Verify that an MPIJob resource is created when current solution gets run. #13

jacek-dudek · 2023-10-16T16:57:39Z

The solution appears to parse model run requests and create valid manifests.
It seems to be applying the manifests, but I don't know yet how to verify that that's happening for sure.

jacek-dudek · 2023-10-18T14:25:14Z

Currently the job returns an "error from server: Forbidden". Pat commented that this looks like an access control issue. Will be looking into creating a new role binding and hopefully that will resolve it.

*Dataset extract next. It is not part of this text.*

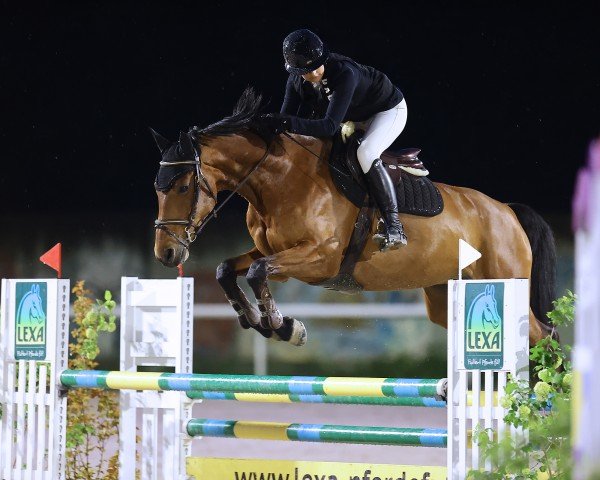 jumper Cassandre des Pres (Swiss Warmblood, 2013, from Cassirado)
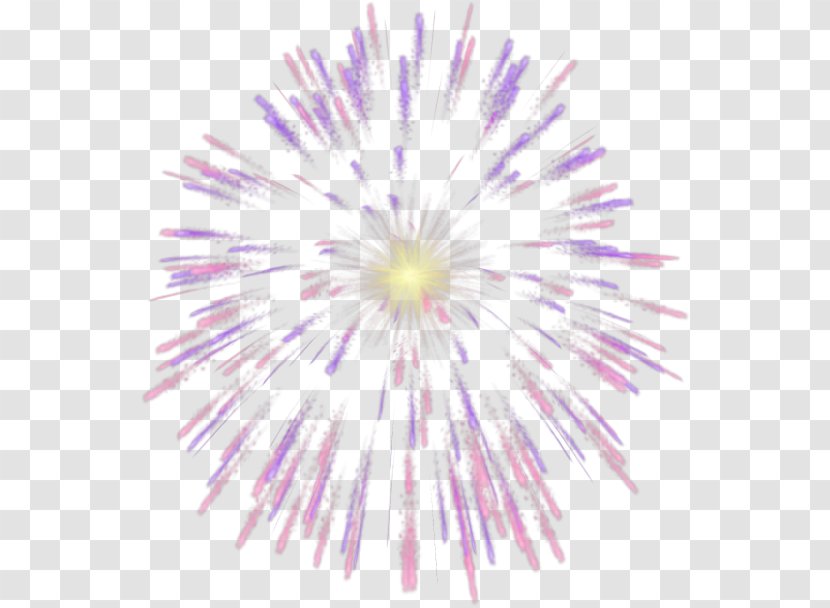 Fireworks Image Vector Graphics Firecracker - Pink - Welcome Page Transparent PNG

jacek-dudek · 2023-10-18T14:26:34Z

Epic: #2
Relates to: #8

jacek-dudek · 2023-11-14T19:40:37Z

Access control issue that was blocking this issue was resolved and documented in: #17

Deploying an mpijob now returns subsequent errors. Here's a printout of the error messages:

riskpaths-launcher /bin/sh: 1: orted: not found
riskpaths-launcher command terminated with exit code 127
riskpaths-launcher --------------------------------------------------------------------------
riskpaths-launcher ORTE was unable to reliably start one or more daemons.
riskpaths-launcher This usually is caused by:
riskpaths-launcher * not finding the required libraries and/or binaries on
riskpaths-launcher one or more nodes. Please check your PATH and LD_LIBRARY_PATH
riskpaths-launcher settings, or configure OMPI with --enable-orterun-prefix-by-default
riskpaths-launcher * lack of authority to execute on one or more specified nodes.
riskpaths-launcher Please verify your allocation and authorities.
riskpaths-launcher * the inability to write startup files into /tmp (--tmpdir/orte_tmpdir_base).
riskpaths-launcher Please check with your sys admin to determine the correct location to use.
riskpaths-launcher * compilation of the orted with dynamic libraries when static are required
riskpaths-launcher (e.g., on Cray). Please check your configure cmd line and consider using
riskpaths-launcher one of the contrib/platform definitions for your system type.
riskpaths-launcher * an inability to create a connection back to mpirun due to a
riskpaths-launcher lack of common network interfaces and/or no route found between
riskpaths-launcher them. Please check network connectivity (including firewalls
riskpaths-launcher and network routing requirements).
riskpaths-launcher --------------------------------------------------------------------------
riskpaths-launcher --------------------------------------------------------------------------
riskpaths-launcher ORTE does not know how to route a message to the specified daemon
riskpaths-launcher located on the indicated node:
riskpaths-launcher my node: riskpaths-launcher
riskpaths-launcher target node: riskpaths-worker-0
riskpaths-launcher This is usually an internal programming error that should be
riskpaths-launcher reported to the developers. In the meantime, a workaround may
riskpaths-launcher be to set the MCA param routed=direct on the command line or
riskpaths-launcher in your environment. We apologize for the problem.
riskpaths-launcher --------------------------------------------------------------------------
riskpaths-launcher [riskpaths-launcher:00001] 2 more processes have sent help message help-errmgr-base.txt / no-path
riskpaths-launcher [riskpaths-launcher:00001] Set MCA parameter "orte_base_help_aggregate" to 0 to see all help / error messages
riskpaths-launcher /bin/sh: 1: orted: not found
riskpaths-launcher command terminated with exit code 127

jacek-dudek · 2023-11-14T19:47:27Z

Summarizing the potential issues listed in the errors:

(1) Not finding required binaries or libraries. Verify that PATH and LD_LIBRARY_PATH contain entries for mpirun (maybe other executables like orted) and its link libraries.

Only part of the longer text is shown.